La très riche 114ième édition du journal carnavalesque Le Trou accorde une large place au "trou de mémoire collective des Payernois" mis en lumière (et en droits d'auteur).

Comme l'arroseur arrosé, les éditeurs profitent largement de la notoriété de Jacques Chessex en publiant quelques inédits. Le Journal des Brandons contient également des entretiens mémorables avec l'écrivain ainsi qu'avec le freerider Mat Rebeaud "deux stars que le monde nous envie".

Malgré les licences carnavalesques, on reste dans le politiquement correct (la censure ayant été assurée par Dieudonné!) ou, plus exactement dans le respect de l'Histoire.

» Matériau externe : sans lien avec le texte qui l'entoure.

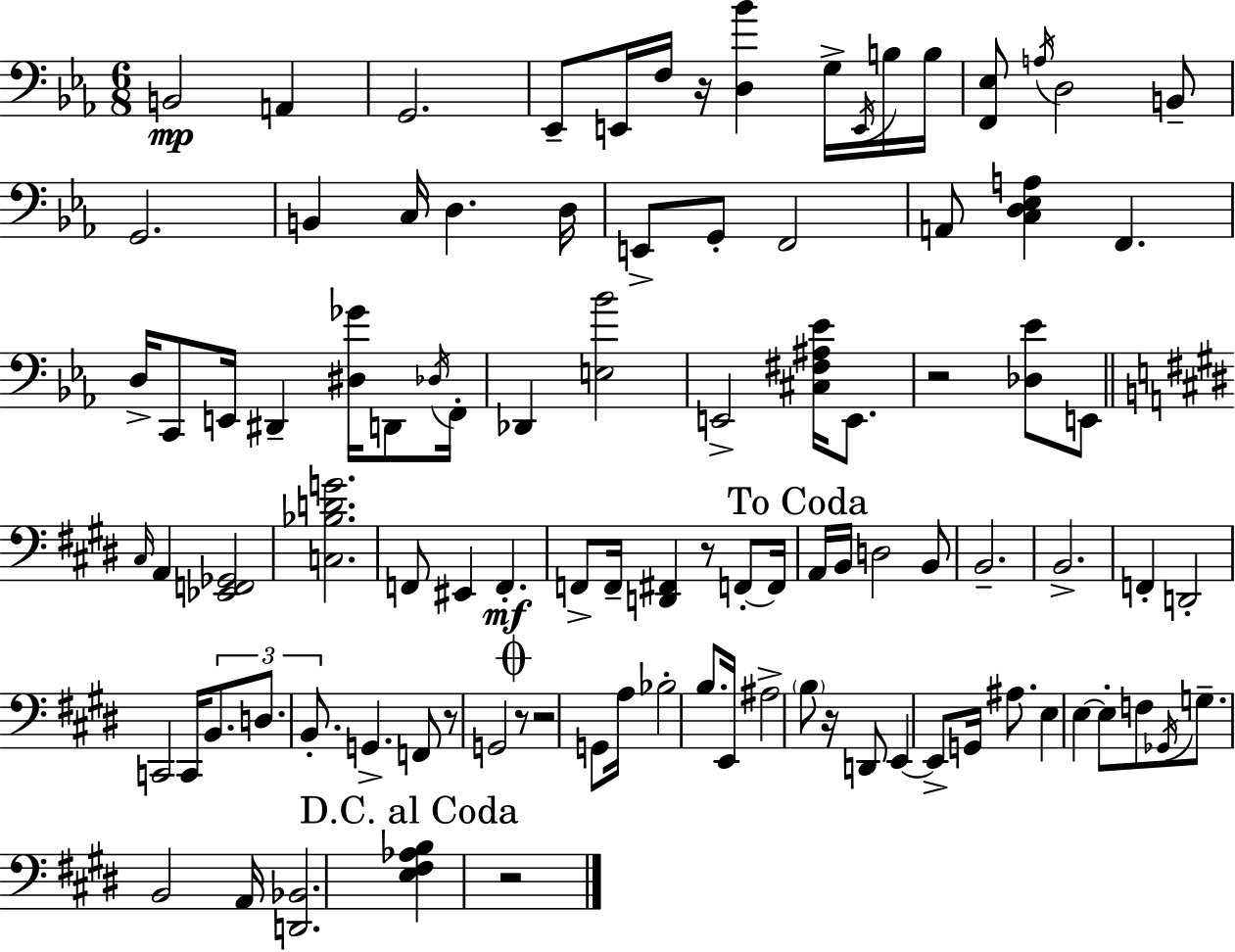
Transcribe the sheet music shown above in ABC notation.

X:1
T:Untitled
M:6/8
L:1/4
K:Eb
B,,2 A,, G,,2 _E,,/2 E,,/4 F,/4 z/4 [D,_B] G,/4 E,,/4 B,/4 B,/4 [F,,_E,]/2 A,/4 D,2 B,,/2 G,,2 B,, C,/4 D, D,/4 E,,/2 G,,/2 F,,2 A,,/2 [C,D,_E,A,] F,, D,/4 C,,/2 E,,/4 ^D,, [^D,_G]/4 D,,/2 _D,/4 F,,/4 _D,, [E,_B]2 E,,2 [^C,^F,^A,_E]/4 E,,/2 z2 [_D,_E]/2 E,,/2 ^C,/4 A,, [_E,,F,,_G,,]2 [C,_B,DG]2 F,,/2 ^E,, F,, F,,/2 F,,/4 [D,,^F,,] z/2 F,,/2 F,,/4 A,,/4 B,,/4 D,2 B,,/2 B,,2 B,,2 F,, D,,2 C,,2 C,,/4 B,,/2 D,/2 B,,/2 G,, F,,/2 z/2 G,,2 z/2 z2 G,,/2 A,/4 _B,2 B,/2 E,,/4 ^A,2 B,/2 z/4 D,,/2 E,, E,,/2 G,,/4 ^A,/2 E, E, E,/2 F,/2 _G,,/4 G,/2 B,,2 A,,/4 [D,,_B,,]2 [E,^F,_A,B,] z2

POST SCRIPTUM: A l'instar  probablement de la majorité des lecteurs de 24 Heures (texte et photo à l'appui), je suis obligé d'amender ma vision par trop angélique. "l'inégalable mauvais goût" d'un récipient sanguinolent réservé à Chessex dépasse les ignominies d'un pays en guerre. Quand l'ombre du racisme plane sur les Brandons...

Pour rester dans le politiquement correct, mieux vaut se référer au débat tenu en début de semaine sur les hauteurs de Ropraz et dont on trouvera un excellent résumé ici. C'est du sérieux et j'y ai entendu dire que Payerne pourrait avoir besoin d'une psychanalyse, tant l'affaire prenait l'allure d'une lutte de classe.

Bref, j'ai rencontré samedi un petit qui n'en avait rien à f..., le sommeil du juste. Et le cortège coloré des enfants des écoles est un bien joli moyen d'intégrer les Payernois tout neuf dans la cité...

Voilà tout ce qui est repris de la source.